Jesus, The Face Of God

Jacob_Jordaens_-_The_Good_Samaritan

15th Sunday Ordinary Time – Year C

Fr. Mark Gatto

Preached: July 13, 2025

You cannot see God, you cannot hear God, you cannot touch God.  You cannot know God.  God is mystery beyond our human capacity.  We live on this tiny planet flying through space around a small star, the sun.  In this enormous universe beyond anything we can imagine.   The mystery of God is the foundation of this universe and beyond our imagining.

Yet, St. Paul says, “Christ is the image of the invisible God.”  For this reason that we sometimes speak of Jesus as the Face of God.  The mystery of God, the Creator, the heart and foundation of the universe, has reached out to humanity in Jesus.  Through this grace of God, this free gift of God, we human beings are able to see, hear, touch God.  We are able to know God, at least in our limited human capacity.
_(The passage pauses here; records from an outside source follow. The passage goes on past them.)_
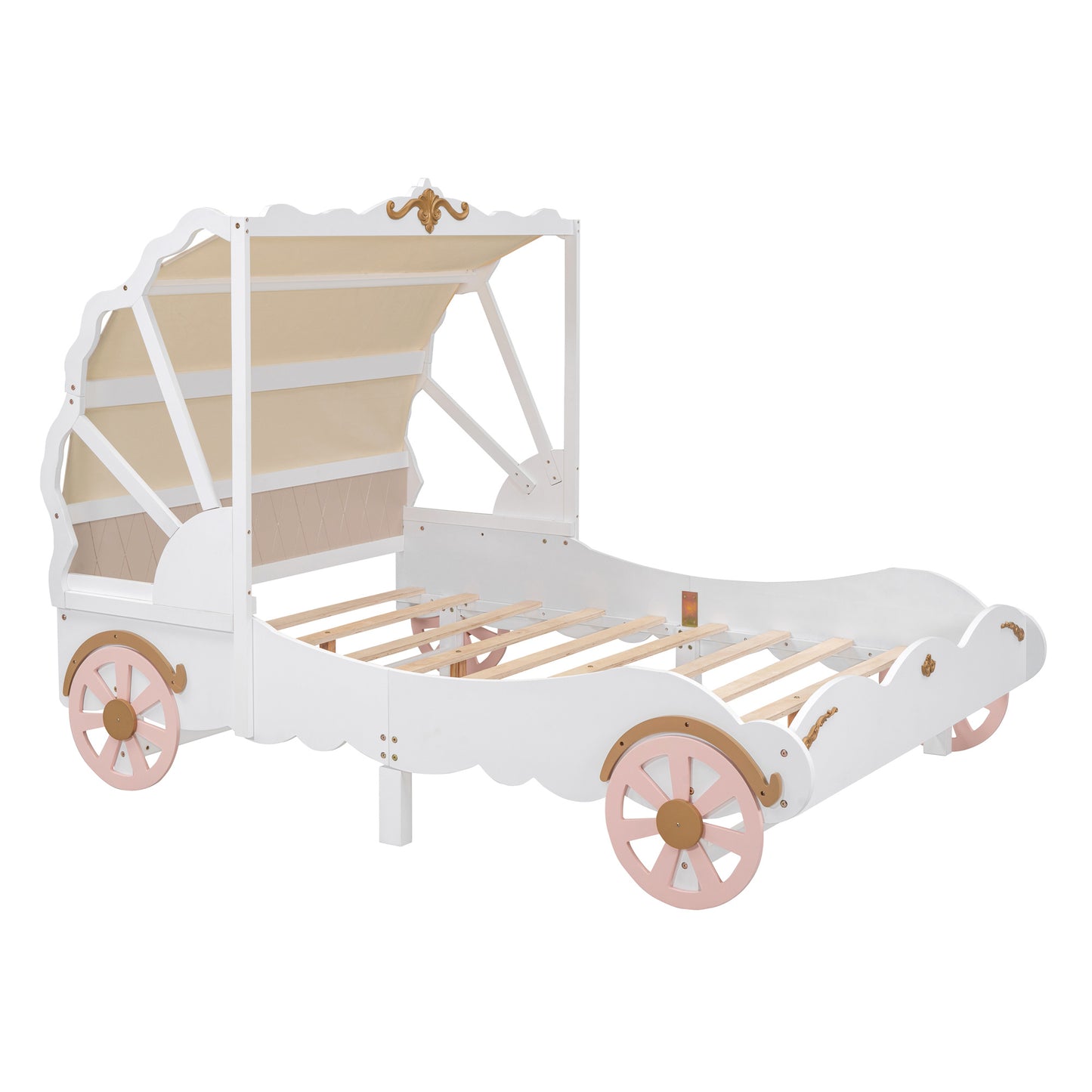 princess carriage bed with canopy, white+pink+gold
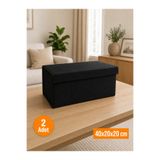 Emma Oliwia 2 Adet Kapaklı Dolap İçi Düzenleyici, Katlanabilir Kıyafet Saklama Kutusu, Raf Düzenleyici Organizer Large 40x20x20cm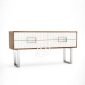 Lhokseumawe Contemporary Teupat Console Table with Stainless Steel Leg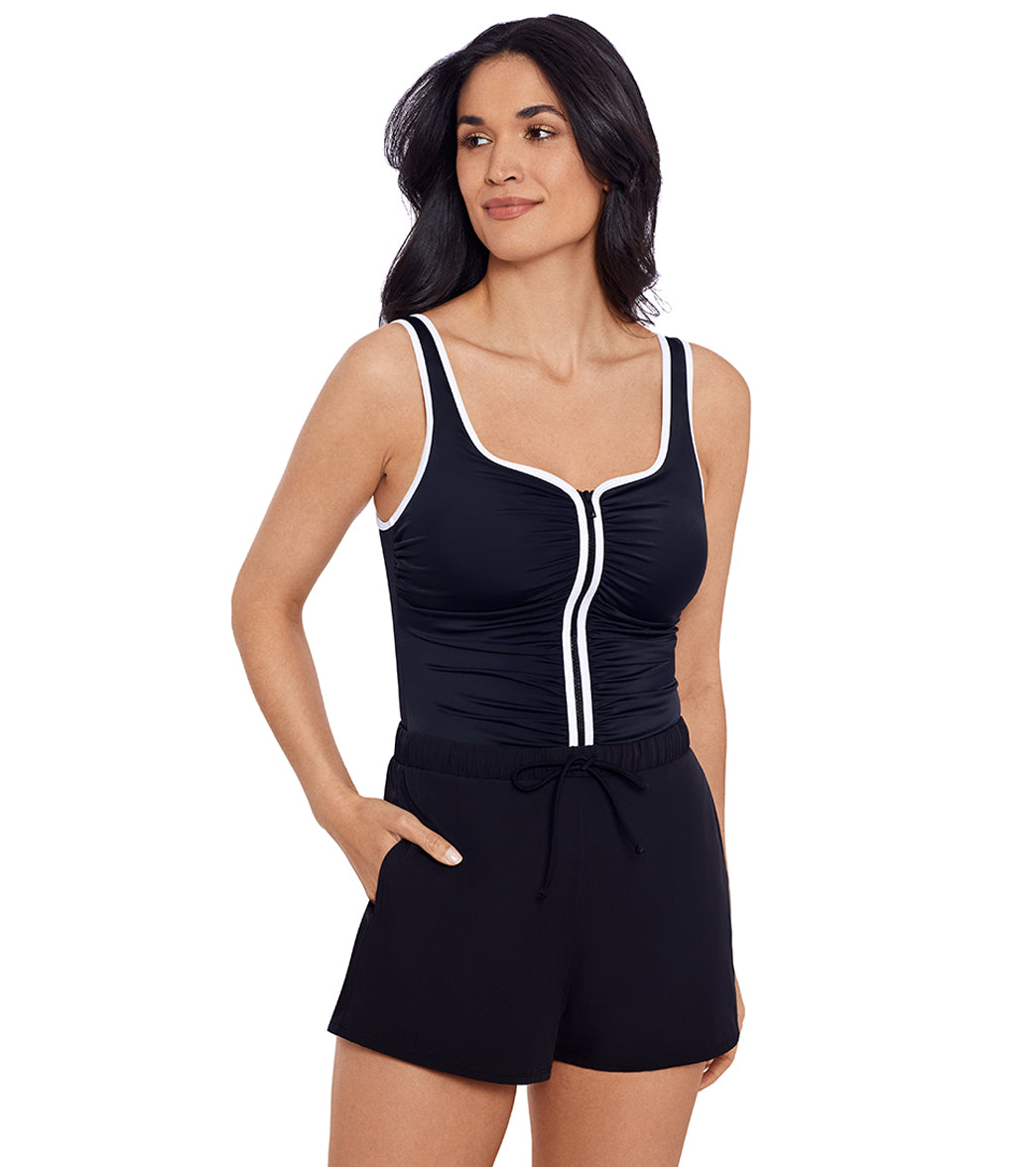 Shape Solver SPORT Women's Color Coated Shirred Zipper Swim Romper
If you and I want to know God, we must turn to Jesus.  Watch Jesus in the Gospels, listen to Jesus teaching, come near to Jesus in prayer and sacrament.  Lots of people talk about God, but we need to allow our limited images of God to be confronted by the truth of the invisible God made visible in Jesus.  Our images of God are more our own projections.  We need to honestly examine the God revealed in Jesus.

In our Gospel today we have Jesus teaching and he tells the parable of the Good Samaritan.  He has just told the lawyer that to enter eternal life we must “love God with our whole heart, soul, strength, and mind.”  Then that we must “love our neighbour as ourself.”  Then the lawyer does what we human beings have always done, he wants to put a limit on this love.  He wants to restrict who he has to consider to be his neighbour.  But, in that parable of the Good Samaritan, Jesus is making it clear that in the mind of God, there is no limit to love, there is no limit on who we must consider as our neighbour.

We human beings are ready to love our neighbour when they are our family.  Or perhaps when they are the same race, the same religion, the same country.  We usually dehumanize those who are different or inconvenient.  In Nazi Germany, the Jews were dehumanized even in the language that was used about them.  This allowed people to walk past them as they were being killed in concentration camps.  In our world today, we continue to see people dehumanizing groups of people.  This allows us to walk past them as they are being mistreated and killed in new genocides happening today.

Politicians speak of immigrants and refugees in a way that dehumanizes them.  This allows us to easily walk past them as they are not our neighbour.  Billionaires look out and see huge levels of inequality and large numbers of human beings living in poverty.  They do not want to recognize those poor as their neighbour, they want to walk past them.

Each of us need to look within ourselves and examine our consciences.  Is there another group of people who I refuse to recognize as my neighbour?  Is there a limit I have on who I consider my neighbour?

We cannot see, hear or touch God, but Christ is the image of the invisible God, the face of God. As we look to Jesus we discover the heart of God.  Do not create our own image of God, but see the true image of God in Jesus.  Even when that challenges and confronts us.  Through Jesus, God has taught us to love our neighbour as ourselves.  In the parable of the Good Samaritan, Jesus made it clear that we cannot put a limit on who we consider our neighbour.